Young Men Who Have Sex with Men (YMSM) Online Survey Period: January 2019 – July 2019 Donor(s): Tides Foundation, Youth Lead Partner(s): Myanmar Youth Stars There is an HIV crisis among young men who have sex with men (YMSM) in ASEAN, with some of the highest reported rates in Yangon and Mandalay in Myanmar. Men who have sex with men (MSM) make up 13% of all HIV cases in Myanmar, and the percentage is increasing each year. However, there is insufficient data on sexual behaviors of YMSM aged 15-24 years at regional, national, and sub-national levels, and this hampers the design of HIV prevention activities that are suited to the specific behavioral characteristics of YMSM. Traditional offline approaches to accessing YMSM networks for research purposes have been hampered by stigma.
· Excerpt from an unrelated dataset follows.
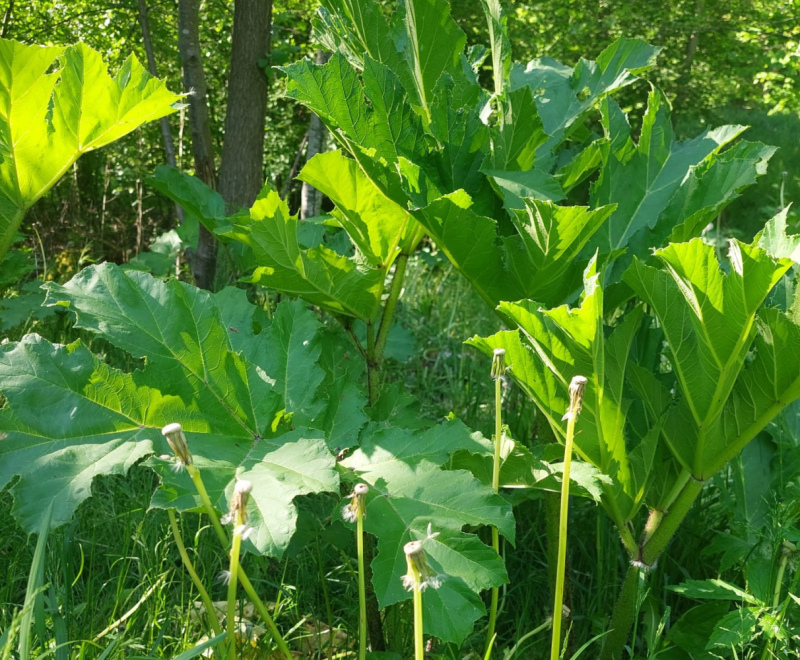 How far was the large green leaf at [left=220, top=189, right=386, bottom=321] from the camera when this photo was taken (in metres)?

Information on syndemic conditions (e.g., homophobia, bullying, and resilience) of HIV risk behaviors, which have been shown to facilitate HIV vulnerability among MSM, have not been described for YMSM. Because of perceived anonymity and the emergence of safe online spaces, the internet has become a key platform for facilitating sexual networking among MSM. The internet provides a unique opportunity to engage with YMSM in Myanmar and gather epidemiological behavioral data. The goal of this survey is to generate Myanmar-specific epidemiological and behavioral data on YMSM through online channels. This data can be used to inform the design of innovative prevention and intervention strategies, as well as to advocate for evidence-based public policies. YMSM will be recruited to participate in the survey via websites, MSM-specific mobile apps, and other social media apps. The specific objectives of the survey are:
To characterize HIV risk behaviors and the HIV care cascade among YMSM who use the internet and reside in Myanmar.
To examine the association of syndemic conditions on HIV risk behaviors and HIV care cascade among young MSM.
To adapt the Asia Internet MSM Sex Survey (AIMSS) and pilot test it among YMSM aged 15-24 years in Myanmar.